Desde la aparición de la serie de televisión CSI (Investigadores de Escena del Crimen) la “ciencia forense” ha aparecido en nuestro idioma cotidiano. Si antes algunos esperaban “magia” por parte de Carabineros o la PDI para identificar a los malhechores, ahora todos “preguntan” por la cadena de evidencias (la manera de garantizar que no hay adulteraciones) y las pruebas científicas de la culpabilidad (más de alguno se ha frustrado cuando, dando aviso de un robo, no han llegado a “tomar huellas”, y eso porque en la gran mayoría de los casos, hay tantas huellas acumuladas en el tiempo, que en la práctica sirven de poco). Peor si la fiscalía, el organismo a cargo de la investigación decide que el caso “no amerita” darle continuidad, porque sería botar recursos fiscales (aparte de que ellos obtienen bonos por casos terminados, independientemente de si los investigaron o los cerraron por decisión propia).

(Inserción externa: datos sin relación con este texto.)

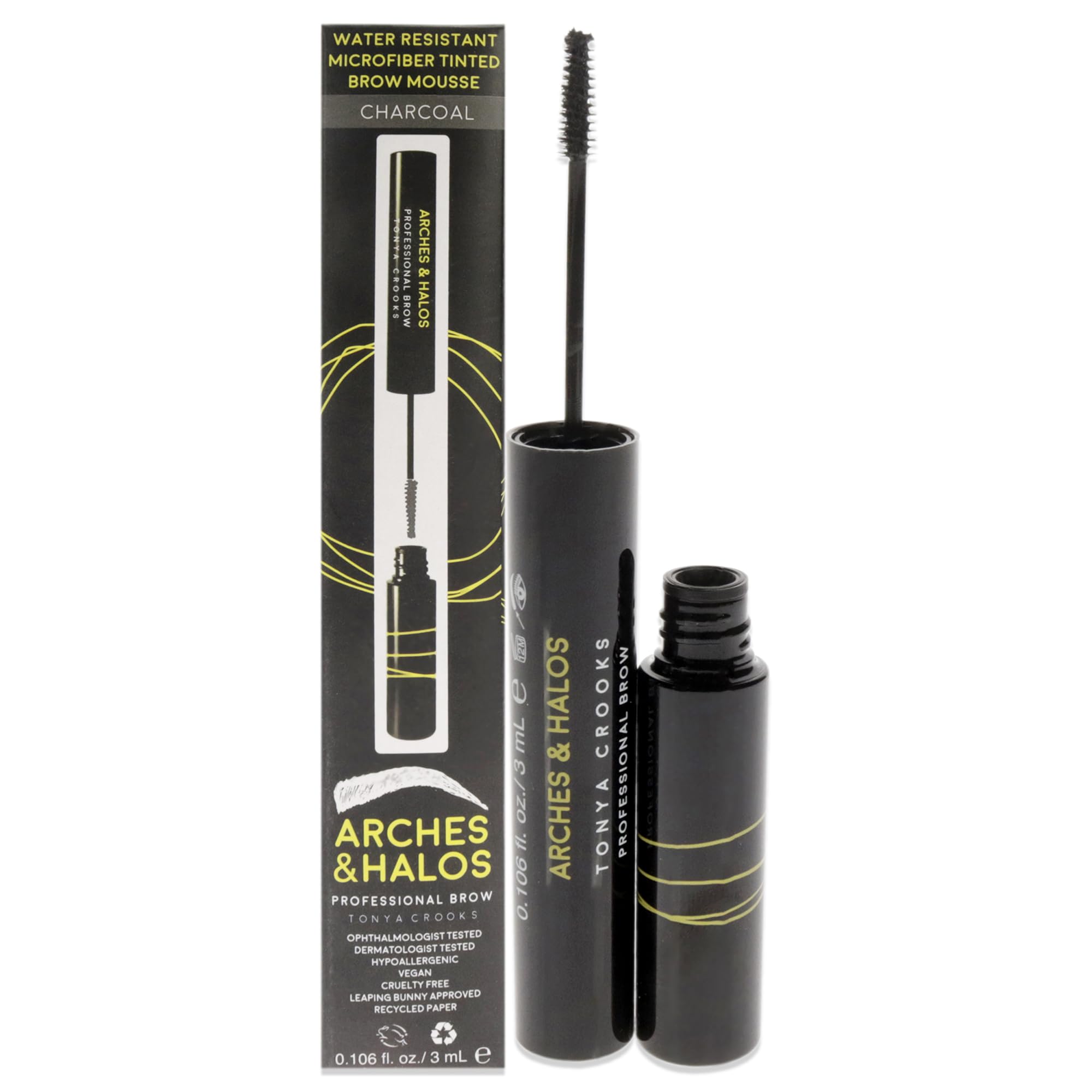 Arches and Halos Microfiber Tinted Brow Mousse - Richly Pigmented Eyebrow Shaper - Water Resistant Filler Pen - Vegan - Charcoal - 0.11 oz Charcoal 0.11 Ounce (Pack of 1)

El tema de las evidencias en situaciones totalmente digitales (como este caso, dónde lo único que existen son registros whatsapp, archivos de teléfonos celulares y a lo más, capturas de pantalla) es un problema serio. Por supuesto, se sigue aplicando el principio de la “confiabilidad” del forense, aunque por razones económicas, la gran mayoría de los forenses son mismos carabineros, lo que pone en tela de juicio un principio de la investigación científica: el que analiza, no debiera ser el mismo (o estar bajo la misma cadena de mando) que el que recolecta o actúa en los operativos; mientras más independientes sean el forense del que hace los arrestos, más confianza en la objetividad de sus conclusiones. Son los llamados principios “ciegos” del método científico (específicamente el triple ciego en pruebas con grupos de control)

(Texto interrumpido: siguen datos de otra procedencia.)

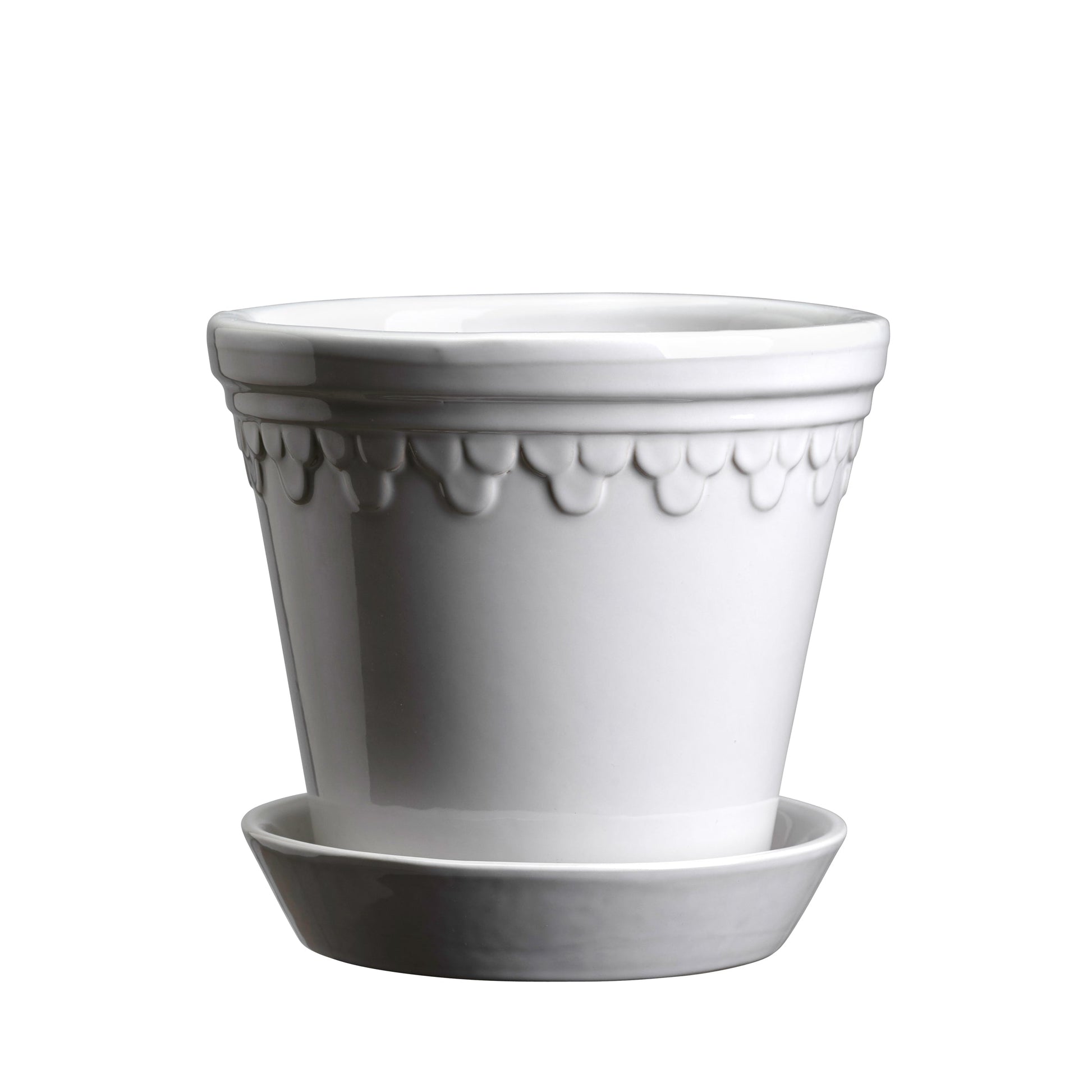 Kobenhavner Glazed Mineral White 16cm Pot with Saucer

Pero ¿cómo se pueden obtener las conversaciones de whatsapp entre personas? En principio, hay dos maneras: la primera es mediante la intervención de las comunicaciones, la que tiene que ser ordenada por un juez, permitiendo así que las conversaciones que involucren un determinado número de telefónico (demostradamente propiedad de alguien que está siendo investigado) sean almacenadas, revisadas y utilizadas como medio de prueba. Una variante de esta primera manera, pasa por solicitar a la compañía telefónica los registros de las últimas comunicaciones digitales de un determinado teléfono, eso a partir de la certeza de que las compañías prestadoras mantienen algún registro que usan –¿anonimizadamente?- para sus fines comerciales (recuerdo que se discutió al respecto, pero no recuerdo en qué quedó la propuesta de permitir a la fiscalía solicitar dicha información). La segunda manera, pasa por obtener una copia del registro que el propio celular tiene de las conversaciones de whatsapp (que sería la manera aquí utilizada) y analizarlo. El mayor problema de este mecanismo, es garantizar de manera fidedigna, que el archivo se obtuvo realmente del celular, y lo que se filtró (lo que se analizó) es todo lo que realmente tiene que ver con el caso, y que lo excluido, realmente no tiene relación.

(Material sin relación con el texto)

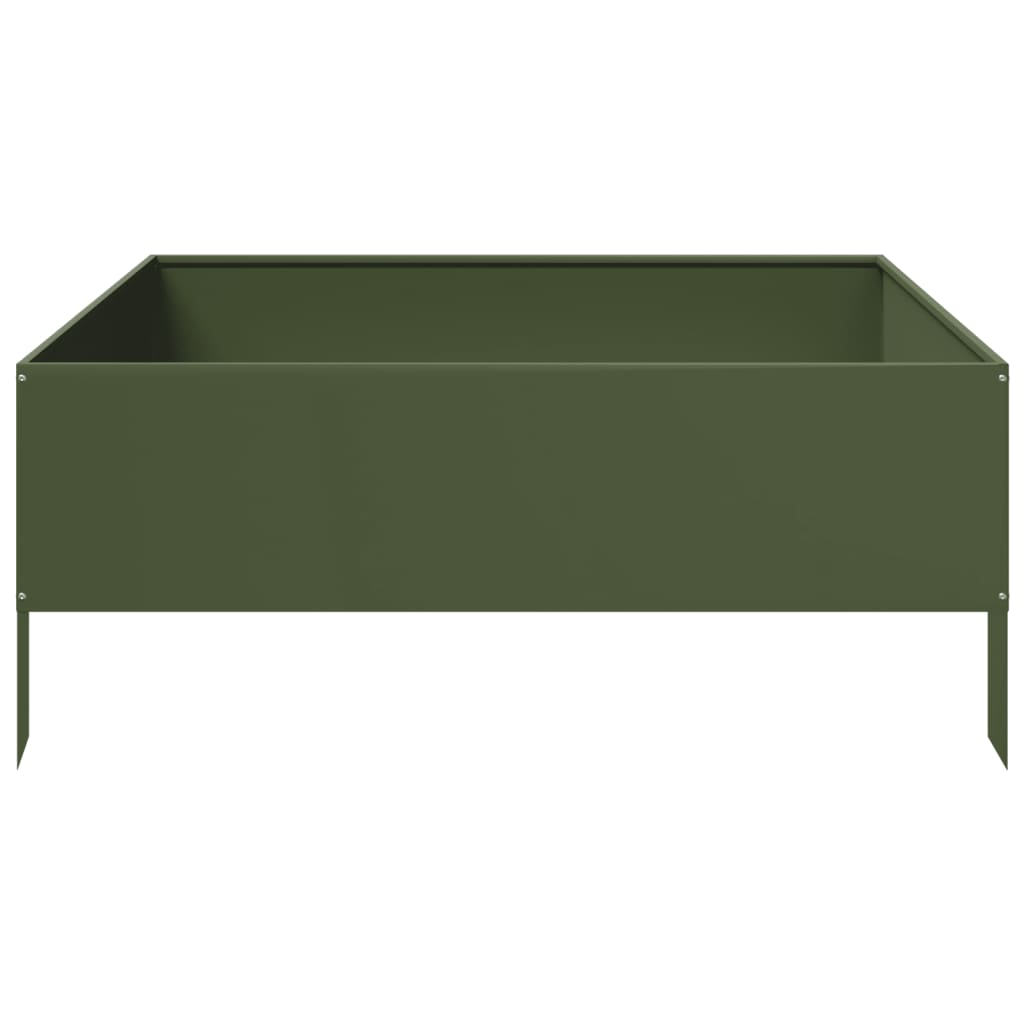 vidaXL Hochbeet Olivgrün 100x100x25 cm Stahl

En la sección reportajes de la radio bio bio, hay información sobre el peritaje donde se señalan las herramientas utilizadas, los equipos periciados y transcriben las conversaciones, sin embargo, el forense no incluye información relevante (las marcas de tiempo de las conversaciones) por lo que resulta una prueba incompleta (que se puede mejorar con una nueva pericia). Se ha mencionado que el nuevo análisis debiera ser realizado por una institución externa (por ejemplo el FBI) de manera de que se den mejores garantías del proceso. Aun así, es una mala práctica muy extendida en nuestro país, el que se “filtren” los documentos periciales antes de que se resuelvan los procesos. Tanto la fiscalía como carabineros, debieran no sólo mantener la “cadena de custodia” de las pruebas, también de sus documentos oficiales.